How do I know this is an true blue example of why you were wrong? Because I recently did a extra-stressful week of work and freelancing and doctors appointments at the same time my boyfriend did his second to last week of college finals.
And comparing the two? He won. Everyday.
But since it’s your birthday, here’s why you were still wrong, but admittedly less so:
1. The commute. Ok, this is definitely not one you would have mentioned, so really it’s just lucky. Mind you, I didn’t mind my commute (much) this past year. It was an hour door to door, and I got a lot of reading done, anything from blogs to tweets to actual books.
But every so often I stopped and actually thought about the fact that I spent two hours every day on public transit… and it hurt a little.
(But considering I’m about to move to an new apartment MUCH closer to work [15-minute bus ride close], this one is rather moot.)
2. The pressure to be forming my life. I talked about this a little in this post about the first post-graduation year being hard, and I’m sure I’ll talk about it again: the pressure of your twenties being a supposed “foundation” is terrifying. I can barely make myself cook more than two days in a row, not to mention sleeping like a reasonable person: this had better not actually be the the bedrock of my entire life.
3. Then there’s just the massive amount of different things to figure out, learn, master. I’ve started to say to myself that this feels a lot like a bottleneck: there’s too many things in too small a space. It’s just going to take time to slowly trickle out into a manageable normality.
4. Goodbye, income. Because rent and bills and part-time + freelance. There’s a delicate tension between this and the number three up above, and I affectionately call it Discover.
5. This last number is just here to acknowledge that I understand there is still a vast number of things that can be stressful or hard about adulthood. I haven’t hit them all, but I see some of them up ahead.

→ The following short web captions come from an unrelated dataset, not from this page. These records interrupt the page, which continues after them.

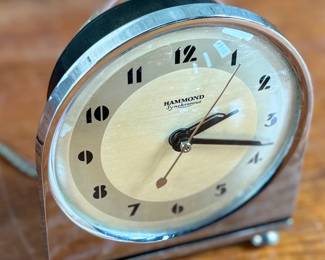 Hammond Instrument Company electric clock, made in the USA, featuring a chrome and black casing with a tan clock face and black numerals. The item includes original wiring and a two-prong plug. The back carries instructions for use and patent information. Tested and in working condition.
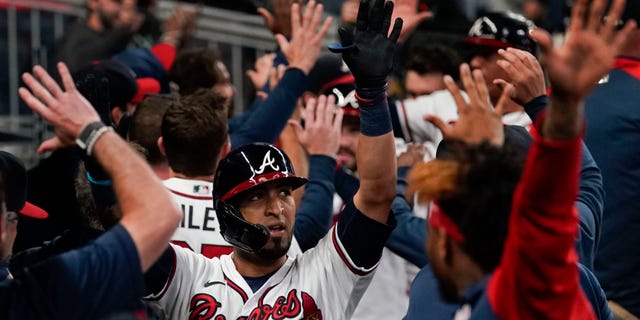 Atlanta Braves' Eddie Rosario, sentrum, celebrates after hitting a three run home run during the fourth inning in Game 6 of baseball's National League Championship Series against the Los Angeles Dodgers Saturday, Okt.. 23, 2021, in Atlanta.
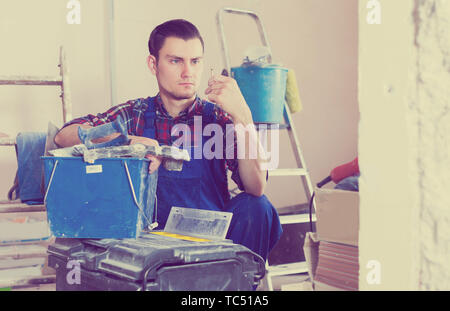 Serious worker repairing room and looking for necessary tool in toolbox Stock Photo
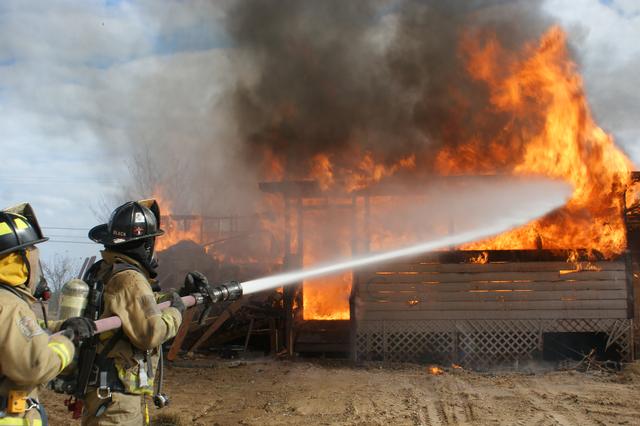 Training Burn, exterior attack of a fully involved structure transitioning from a defensive attack to an offensive interior attack.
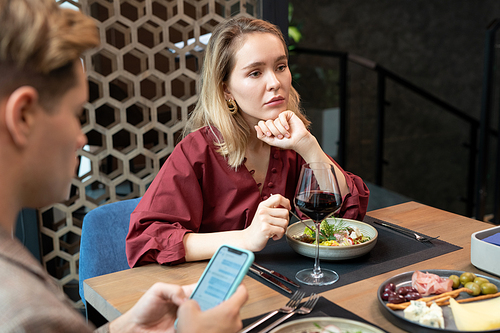 Sulky young blond woman in maroon dress eating salad and expressing sadness because of her boyfriend scrolling in smartphone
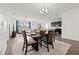 Dining room that flows into a combined living area and a modern kitchen at 11434 Leland Groves Dr, Riverview, FL 33579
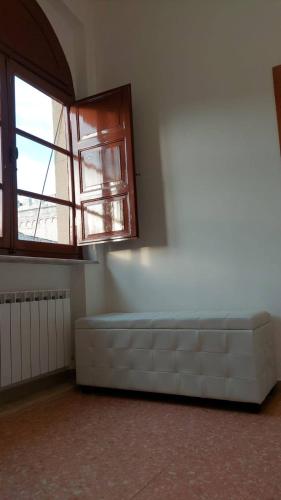an empty room with a large window and a couch at Vivi in una Torre Medioevale appartamento in Perugia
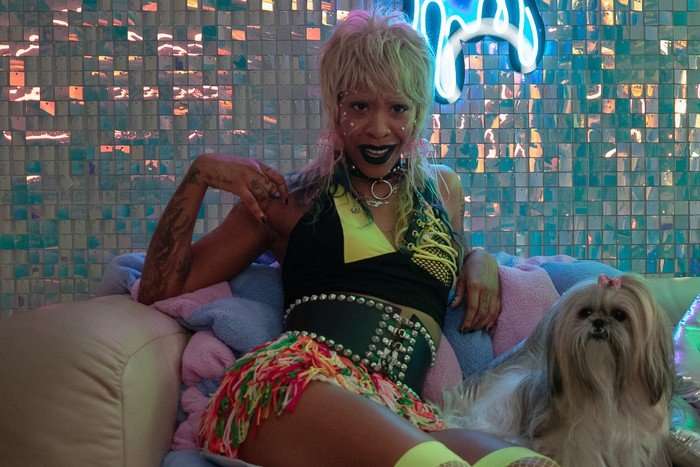 rico-nasty-margo-money-troubles Rico Nasty stars in Margo's Got Money Troubles; her character, KC, is wearing colourful clothing and leaning back on a sofa. The wall behind her has neon lights and shimmering blue tiles. A small dog is sat beside her.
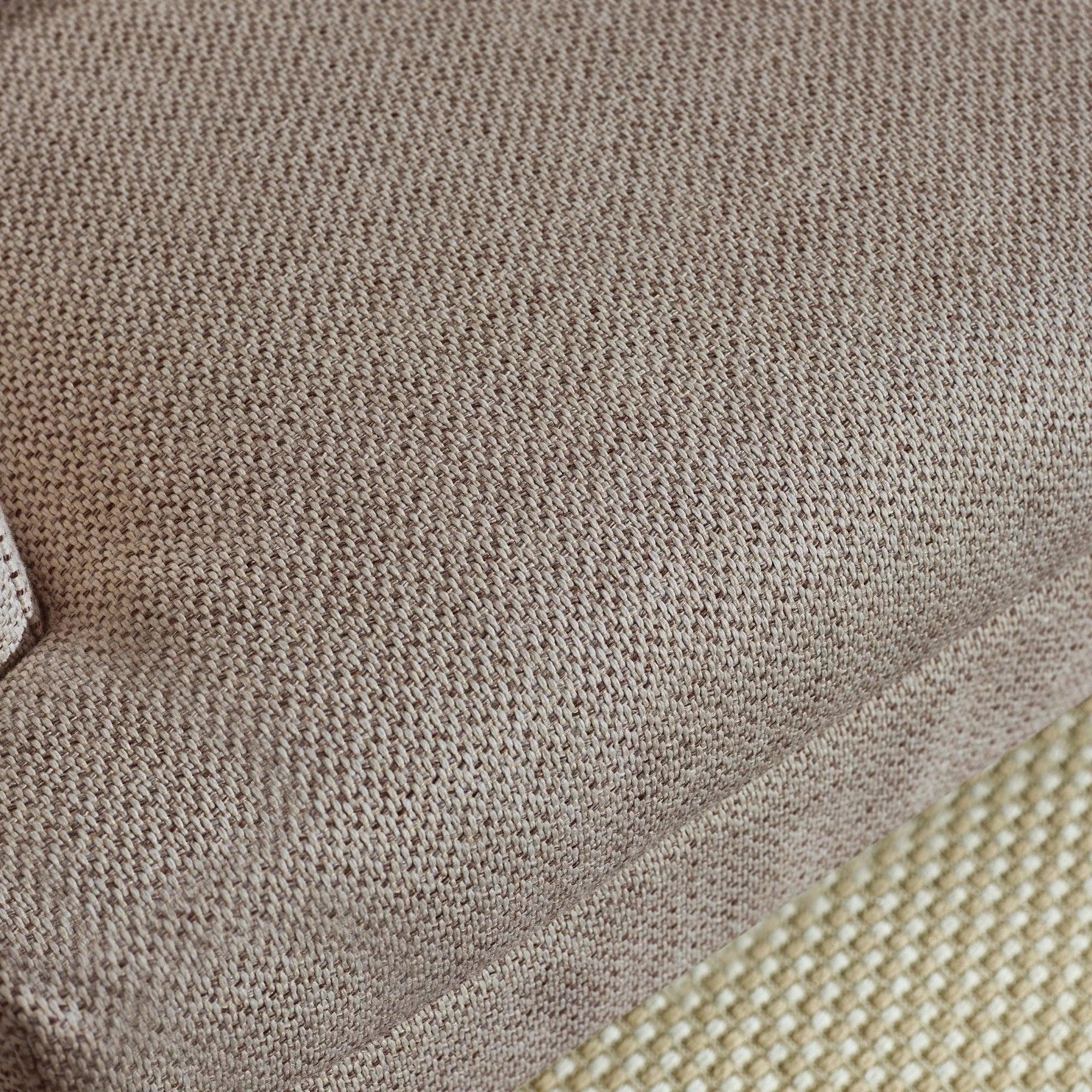 Close up of beige fabric sofa cushion with textured weave detail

Oh, and apartment hunting is the worst.
Why it doesn’t really matter:
Being a student was difficult. And by that I mean, I cried a lot. Sometimes I cried, or prayed, or spent all night in the student newspaper office alternating between weeping and praying and throwing things and actually typing whatever awful Greek paper was that night’s bad luck.
I also loved quite a bit of it.
It was wonderful, but exhausting.
And while there were plenty of “adult” stresses that you don’t have to deal with while still in school, half of those are just because you wouldn’t have time or energy for them anyways.
On the flip, graduating is hard. Transitioning to adulthood is hard. Finding apartments is hard, changing jobs will someday be hard, moving and marriage and children and providing and managing and all of those things, those will be hard too.
It’s all going to be hard, because wouldn’t you know it, life is hard.
And if I stop now and look at those I know in school and think, how lucky you are to not have to deal with all this!, then I’m just fooling myself. And if I assume that 20 years down the line everything will be peonies and cinnamon cupcakes, I’m fooling myself again.
So maybe I ought to just focus on the first list: the grand things about this part of life, and not those that are more difficult than college. Will I, really? Probably not, not all the time, but it’s still the better way.
Now if you’ll excuse me, I’m going to be completely distracted by the thought of a cinnamon cupcake.